This type can be combined with other types at any level and/or create sub nested queries.
ES.type.nested("parent","filter object");
// ex:
ES.type.nested("name",ES.filter.must(
ES.type.term("name.first", "josh"),
ES.type.term("name.last", "wake")
));
- geo distance
Geo distance is an advanced feature that require a specific mapping in your index. For more information: https://www.elastic.co/guide/en/elasticsearch/reference/current/query-dsl-geo-distance-query.html
Geo distance requires a few parameters:
- The starting point as a latiturde & longitude
- The distance around this point - https://www.elastic.co/guide/en/elasticsearch/reference/current/common-options.html#distance-units
- The type of calculation to apply -
arc
orplanar
(arc
default)
ES.type.geo("fieldkey","origin latlon","distance"[,"calculation"]);
// ex:
ES.type.geo("location.geo",{ "lat": 48,"lon": 2 },"120km"[,"arc"])
//Note: latlon value can be set as string ('48,2') or as an array ([48,2])
q.must(
// Types
).run()
.then(hits => {
const total = hits.total //get the total number of documents matching the query
const length = hits.length //get the total number of documents returned by the query
// return array of hits objects
const hit = hits[0];
console.log(hit.id()) // get Document ID
console.log(hit.index()) // get Document index
console.log(hit.type()) // get Document type
console.log(hit.data()) // get Document source
console.log(hit.source()) // get Document source (alias)
})
Delete by query is only available on Elasticsearch 5.X and over
q.must(
// Types
).delete()
.then(success => {
// return true
})
Count the documents
q.must(
// Types
).count()
.then(count => {
// return count of documents
})
Create query that will modify documents with the same logic. If you need different values per document please refer to Bulk
NOTE: This is an advanced feature that can modify many documents at the same time. Make sure your query is selecting the right documents before executing it.
q.must(
// Types
)
.updateByQuery("ctx._source.someProperty=\"propertyvalue\"")
.run()
.then(numberOfDocsUpdated => {
//Returns the number of documents updated
})
You can do bulk processes across documents using the bulkOperation method
bulkOperation operation can be one of those: index
, update
, delete
, create
q.bulk(
ES.bulkOperation("update", "documentId1", {
property1: "property1Value"
}),
ES.bulkOperation("update", "documentId2", {
property2: "property2Value"
}),
ES.bulkOperation("delete", "documentId3"),
ES.bulkOperation(operation, documentId, [data]),
)
.then(response => {
// returns a direct elasticsearch response containing all operations.
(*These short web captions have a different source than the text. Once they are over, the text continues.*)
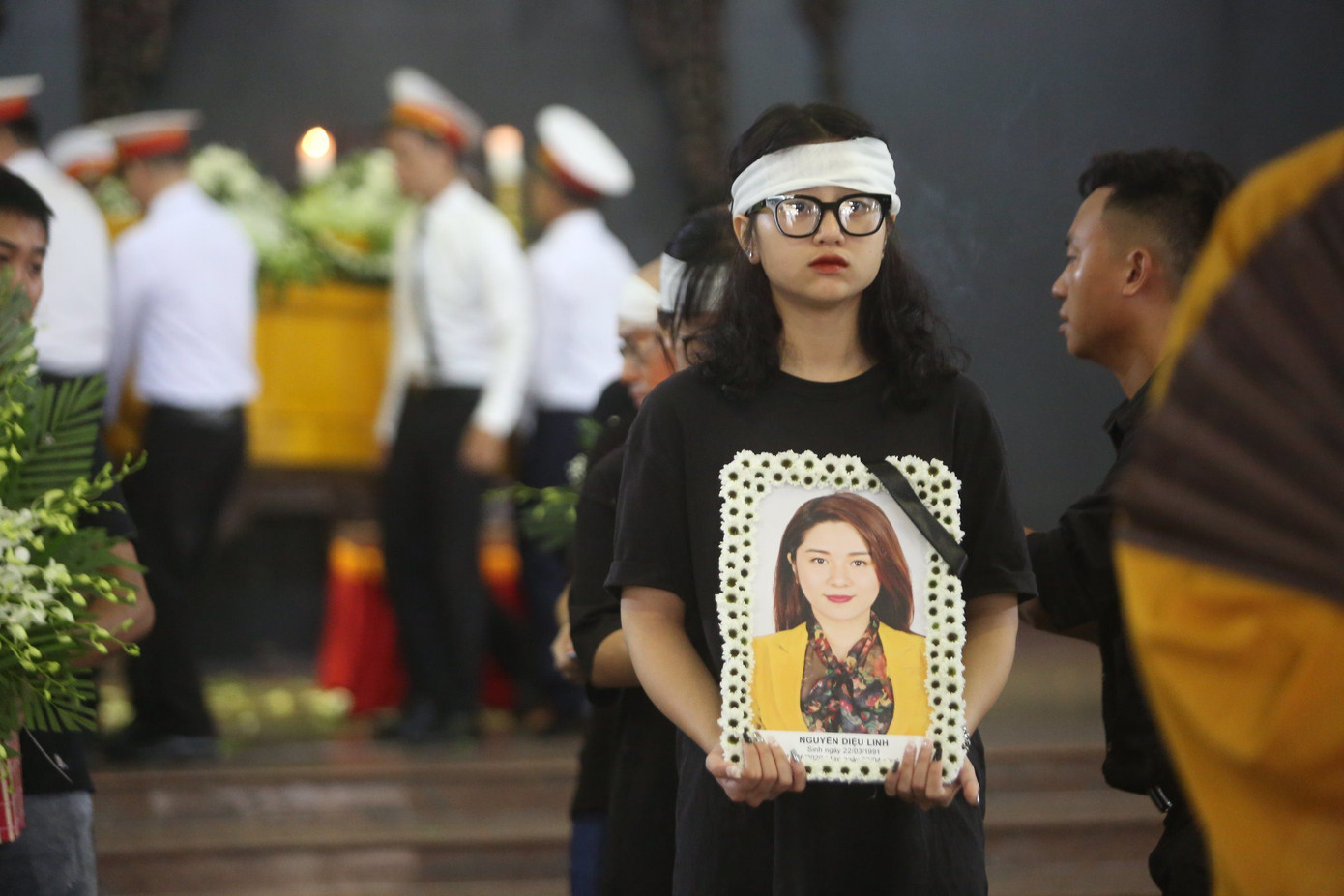 Đám tang phủ toàn hoa trắng của MC Thể thao Diệu Linh ảnh 17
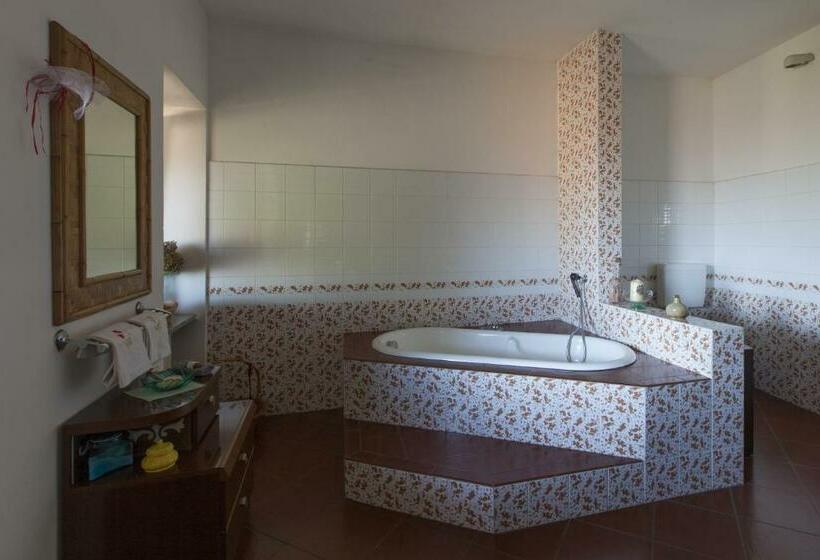 דירת 2 חדרים עם טרסה, B&b La Rampichina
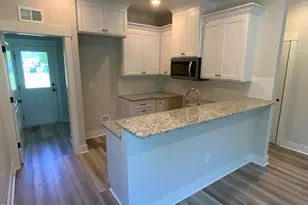 221 E Jackson St, Coats, NC 27521 - Photo 3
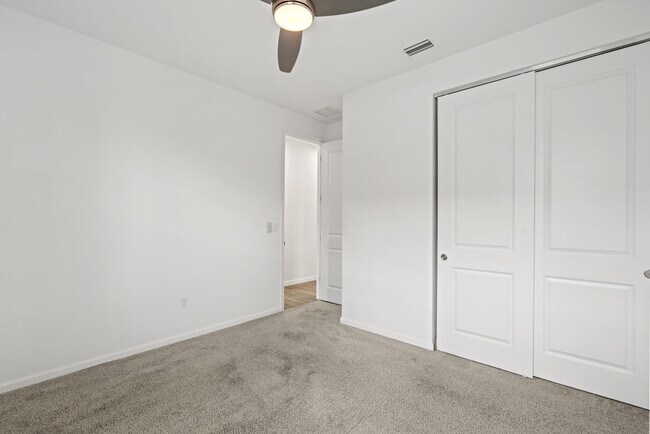Building Photo - 11340 SW Lyra Dr.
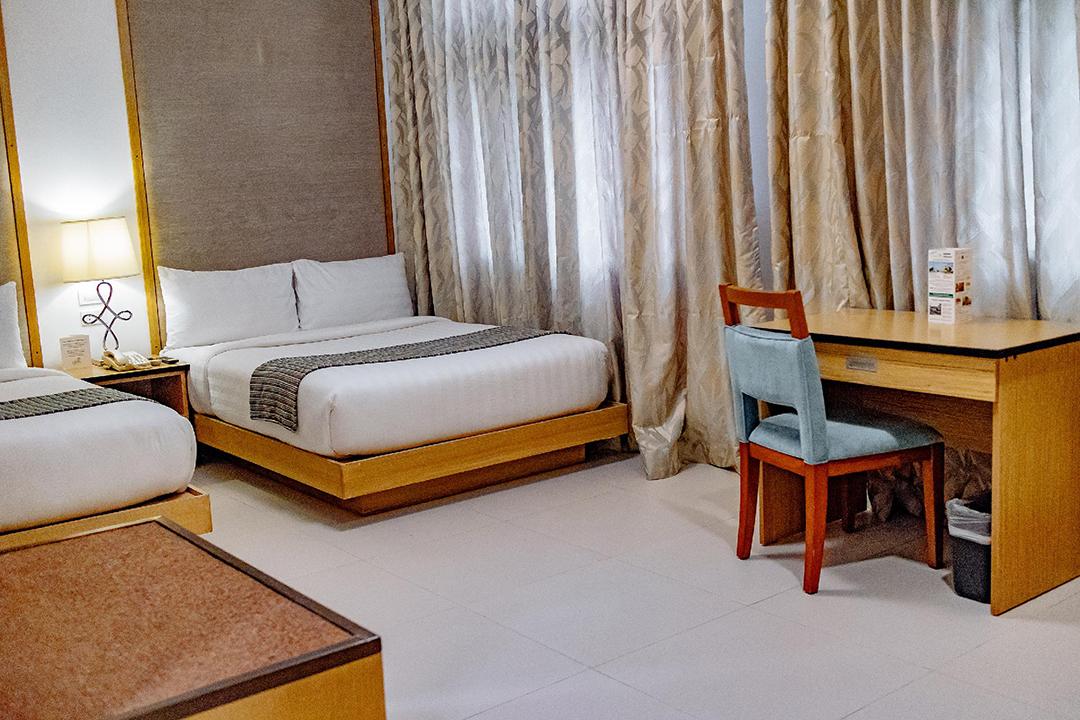 Crown Regency Courtyard Resort Balabag  Bagian luar foto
// This function does not reject on operation error.
})
Elasticsearch has a very powerful aggregation system but the way to handle it can be tricky. I tried to solve this issue by wrapping it in what I think is the simplest way.
q.aggs(
ES.agg.date_histogram("created_date")("date_created","1d")
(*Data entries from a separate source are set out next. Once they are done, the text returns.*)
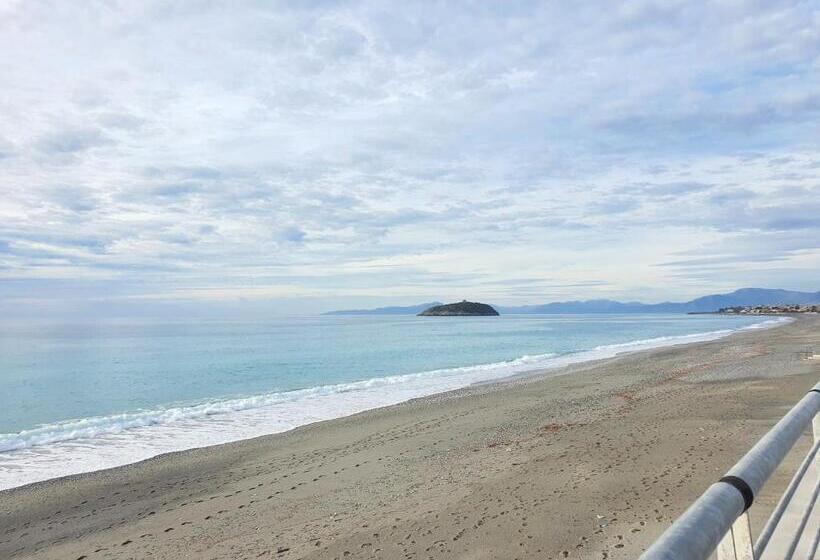 Triple Room Sea View, Il Molo Camere Per Vacanze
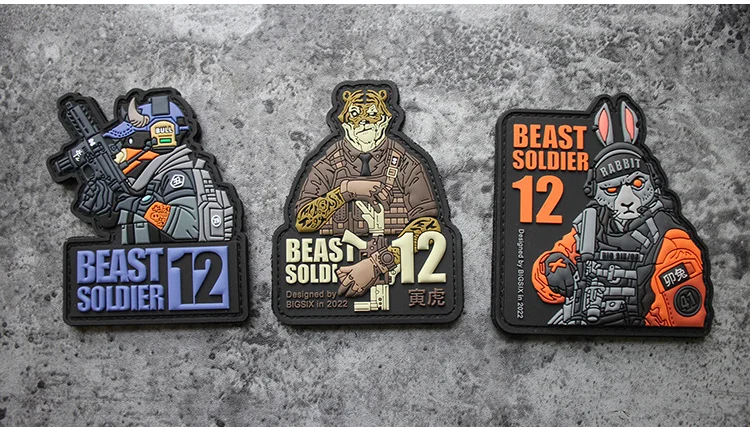 Tres pegatinas de soldado bestia diferentes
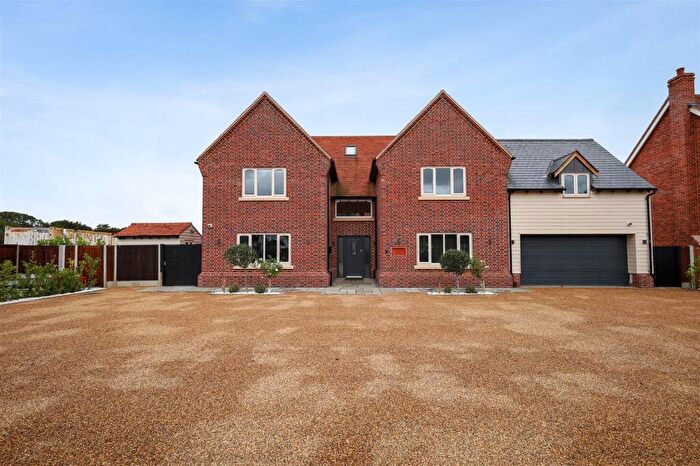 6 Bedroom Detached House For Sale In Waldingfield Road, Sudbury, CO10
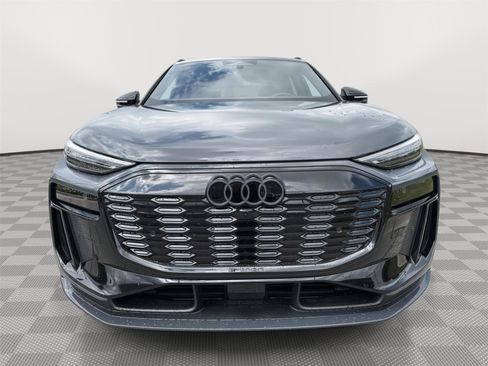 New 2027 Audi Q6 e-tron Premium Plus image 8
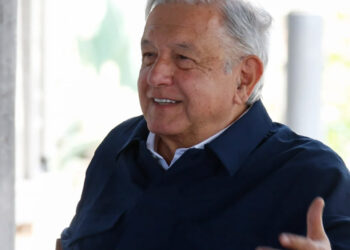 No se nos subió el poder, no hemos perdido el piso: López Obrador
// Child aggregation to the "created_date" aggregation
.aggs(
ES.agg.terms("first_name")("data.first_name")
)
// Add more aggregations
)
.run()
.then(response => {
// retrieve the "created_date" aggregation
const arrayAggList = response.agg("created_date")
const arrayValues = arrayAggList.values() // return an array of values objects. array types values will depend on the aggregation type
const firstValue = arrayValues[0];
const valueID = firstValue.id(); // key of the value. If it is a date_histogram type it will be a moment object
const valueData = firstValue.data(); // value of the aggregation for this key.
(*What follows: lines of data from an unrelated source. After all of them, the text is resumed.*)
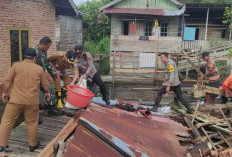 Polisi bantu evakuasi warga Kota Jambi korban banjir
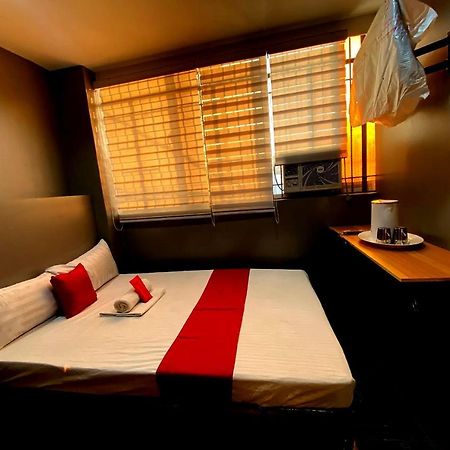 Oyo 104 Manila Venetian Hotel Εξωτερικό φωτογραφία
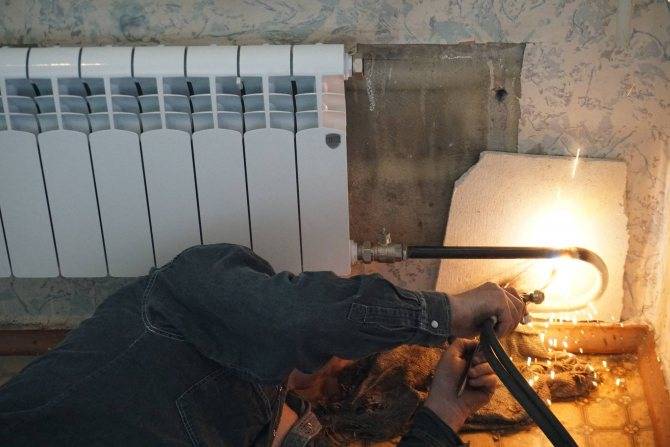 Как своими руками заменить радиаторы отопления в квартире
// To retrieve a child aggregation:
// Note: Each parent aggregation value has its own aggregation so you will have to loop through to get the child aggregation
const arrayChildAggList = arrayAggList.agg("first_name");
for(let parentKeyvalue in arrayChildAggList){
arrayChildAggList[parentKeyvalue].values().forEach(value => {
console.log(parentKeyvalue, value.id(),value.data());
})
}
})
- terms
ES.agg.terms("aggregation name")("field to aggregate on"[,"options object"])
- date_histogram
interval: string using a time unit
ES.agg.date_histogram("aggregation name")("field to aggregate on","interval")
- average
ES.agg.average("aggregation name")("field to aggregate on")
NOTE: Aggregations below do not support sub aggregations. Error will be thrown.
- cardinality
ES.agg.cardinality("aggregation name")("field to aggregate on")
- extended_stats
ES.agg.extended_stats("aggregation name")("field to aggregate on")
- maximum
ES.agg.maximum("aggregation name")("field to aggregate on")
- minimum
ES.agg.minimum("aggregation name")("field to aggregate on")
- sum
ES.agg.sum("aggregation name")("field to aggregate on")
- value_count
ES.agg.value_count("aggregation name")("field to aggregate on")
- size
// will retrieve 1000 results maximum
// all queries with a size over 500 will be converted into a scroll.
q.size(1000)
- from
// Works with size
// will retrieve results from index 10
q.from(10)
- fields
q.fields(["name","id"])
- sorting
q.sort([{ "post_date" : {"order" : "asc"}}, ...])
const ES = require("elasticsearch-helper")
ES.AddClient("client1","127.0.0.1:9200");
ES.query("Index1","Type1")
.use("client1")
.size(10)
.must(
ES.type.term("name","John"),
ES.type.terms("lastname",["Smith","Wake"])
)
.must_not(
ES.type.range("age",{
lte:20,
gte:30
})
)
.run()
.then(hits => {
//hits array
})
const ES = require("elasticsearch-helper")
ES.AddClient("client1","127.0.0.1:9200");
ES.Query("user")
.size(1001) // when an aggregation is set, size is set to 0.
.must(
ES.type.term("name","jacques"),
ES.type.range("age",{gt:20,lte:40}),
ES.filter.should(
ES.type.term("color","blue"),
ES.type.term("vehicle","car")
)
)
.aggs(
ES.agg.date_histogram("created_date")("date_created","1d")
// Child aggregation to the "created_date" aggregation
.aggs(
ES.agg.terms("first_name")("data.first_name.raw")
)
)
.run()
.then(response => {
// retrieve the "created_date" aggregation
const arrayAggList = response.agg("created_date")
const arrayValues = arrayAggList.values() // return an array of values objects. array types values will depend on the aggregation type
const firstValue = arrayValues[0];
const valueID = firstValue.id(); // key of the value. If it is a date_histogram type it will be a moment object
const valueData = firstValue.data(); // value of the aggregation for this key.
// To retrieve a child aggregation:
// Note: Each parent aggregation value has its own aggregation so you will have to loop through to get the child aggregation
const arrayChildAggList = arrayAggList.agg("first_name");
for(let parentKeyvalue in arrayChildAggList){
arrayChildAggList[parentKeyvalue].values().forEach(value => {
console.log(parentKeyvalue, value.id(),value.data());
})
}
}).catch(err => {
// error
console.log(err)
})